▶ **WHAT IS NEEDED**: Beginning with the line that holds "Gossi lampi solare" and finishing with the line that holds "40 Bust Babydoll", repeat the listing exactly, leaving every picture out.

** Opening EXERCISE DATA block **

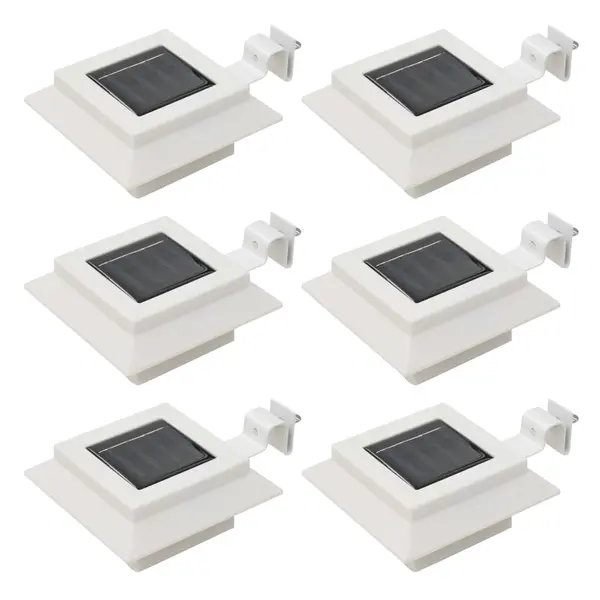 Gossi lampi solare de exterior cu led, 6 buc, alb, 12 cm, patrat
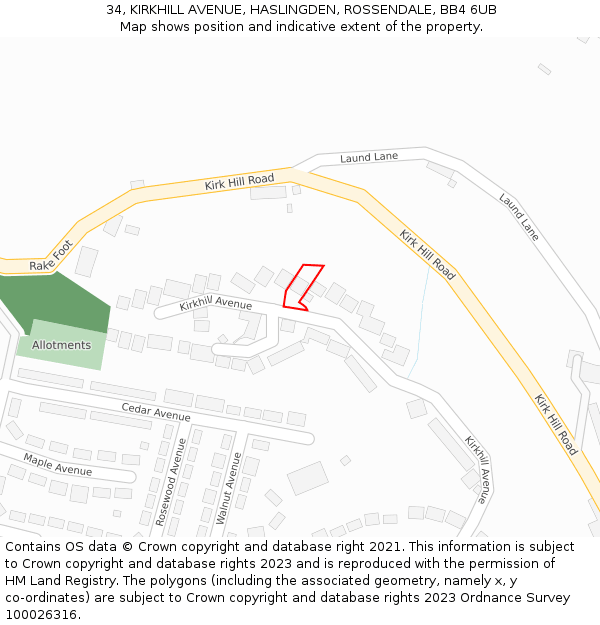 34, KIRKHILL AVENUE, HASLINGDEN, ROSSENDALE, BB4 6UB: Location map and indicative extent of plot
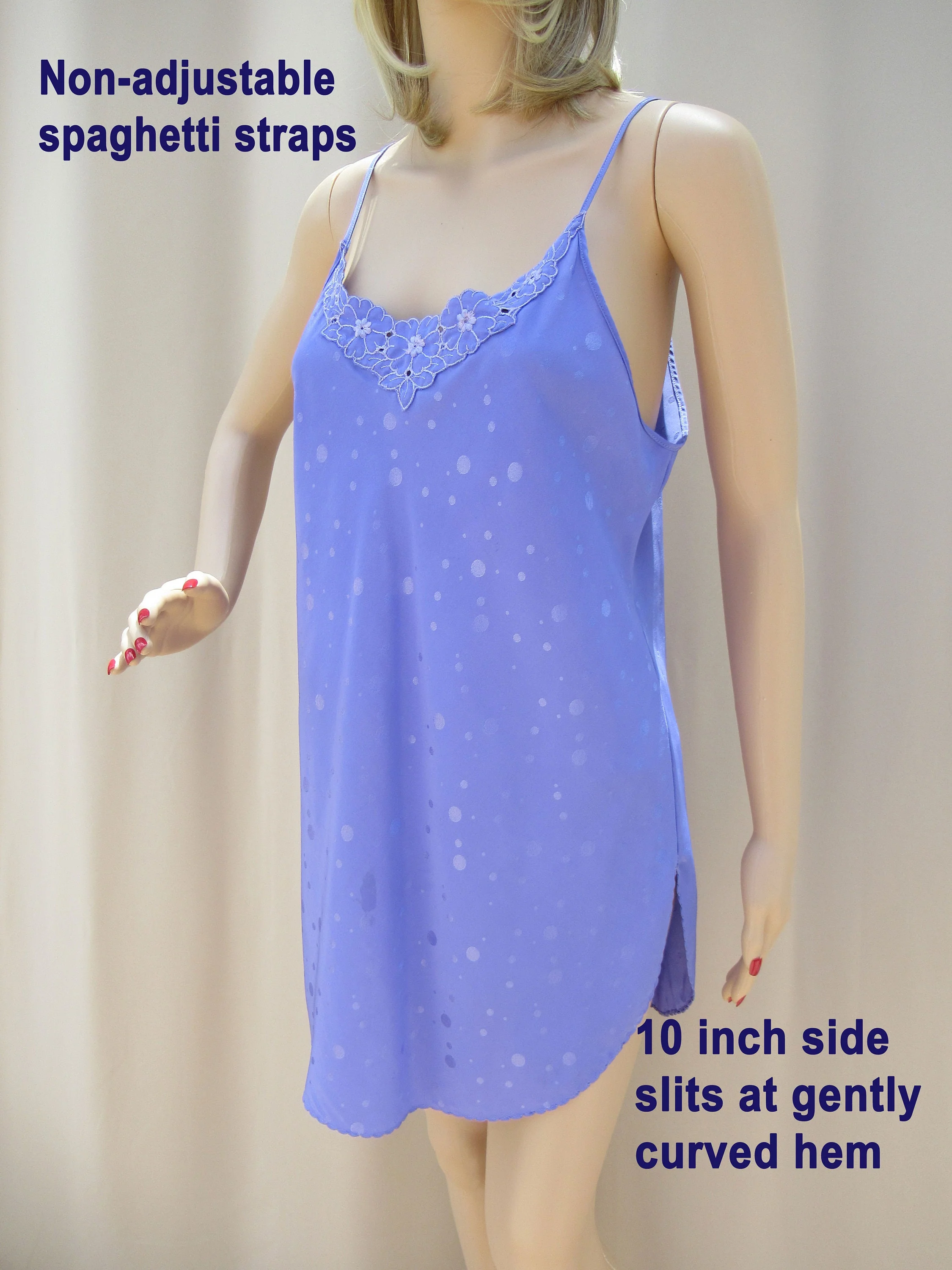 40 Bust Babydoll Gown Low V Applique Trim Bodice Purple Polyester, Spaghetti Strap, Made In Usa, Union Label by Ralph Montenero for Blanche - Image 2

** Closing EXERCISE DATA block **
** Opening EXERCISE DATA block **

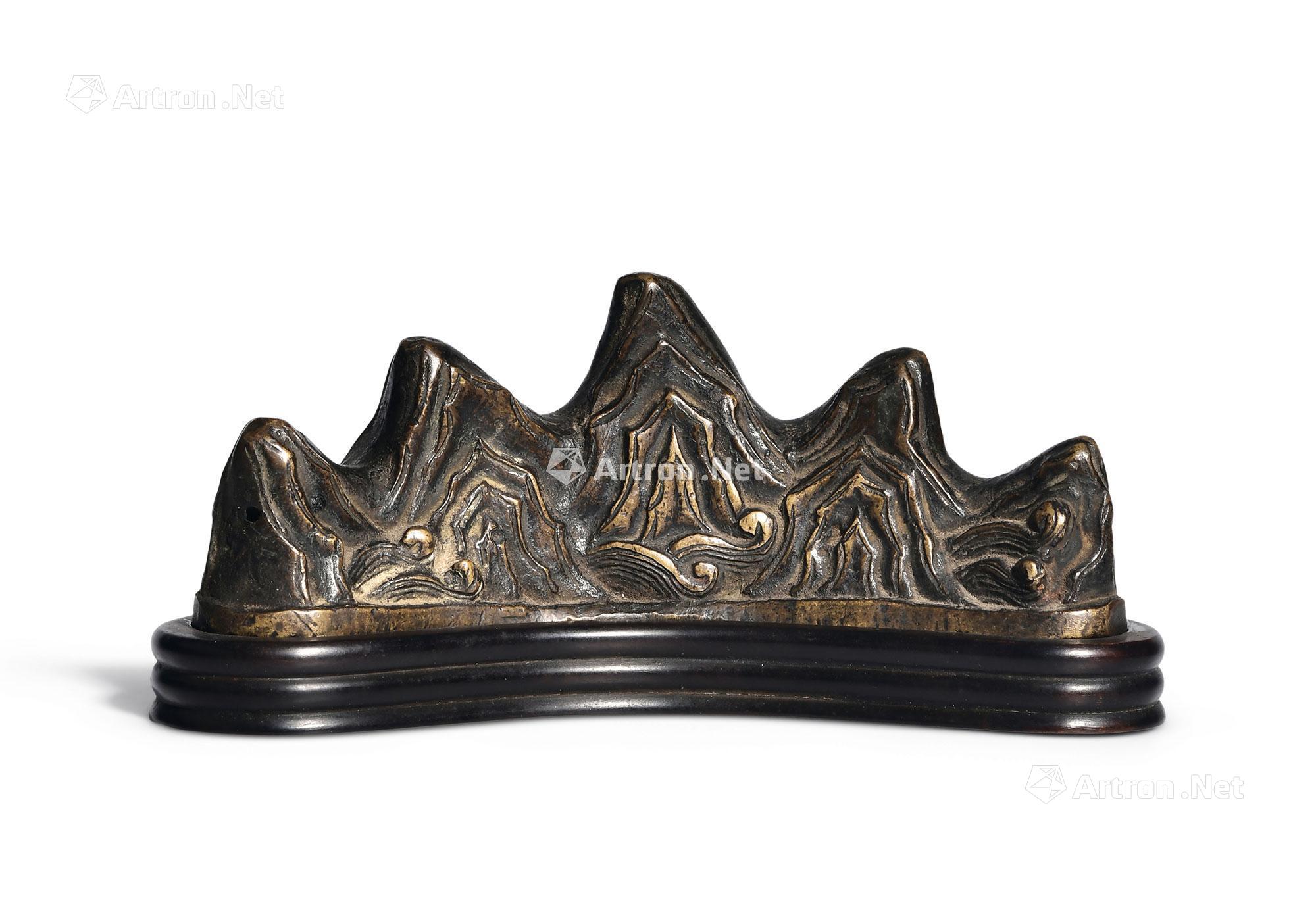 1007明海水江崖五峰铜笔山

** Closing EXERCISE DATA block **
** Opening EXERCISE DATA block **

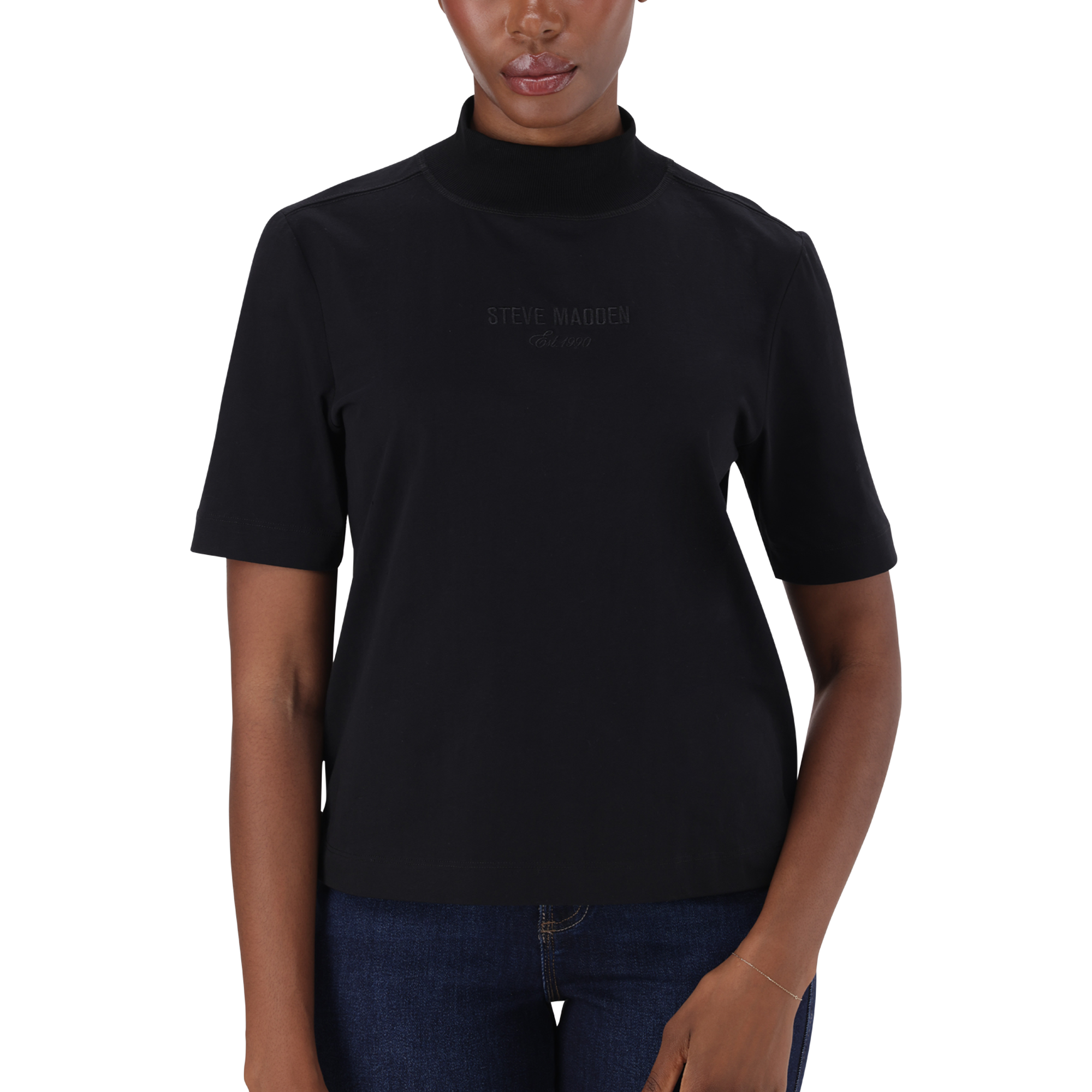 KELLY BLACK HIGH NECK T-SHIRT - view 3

** Closing EXERCISE DATA block **

▶ **RESPONSE AREA**:
 Gossi lampi solare de exterior cu led, 6 buc, alb, 12 cm, patrat
 34, KIRKHILL AVENUE, HASLINGDEN, ROSSENDALE, BB4 6UB: Location map and indicative extent of plot
 40 Bust Babydoll Gown Low V Applique Trim Bodice Purple Polyester, Spaghetti Strap, Made In Usa, Union Label by Ralph Montenero for Blanche - Image 2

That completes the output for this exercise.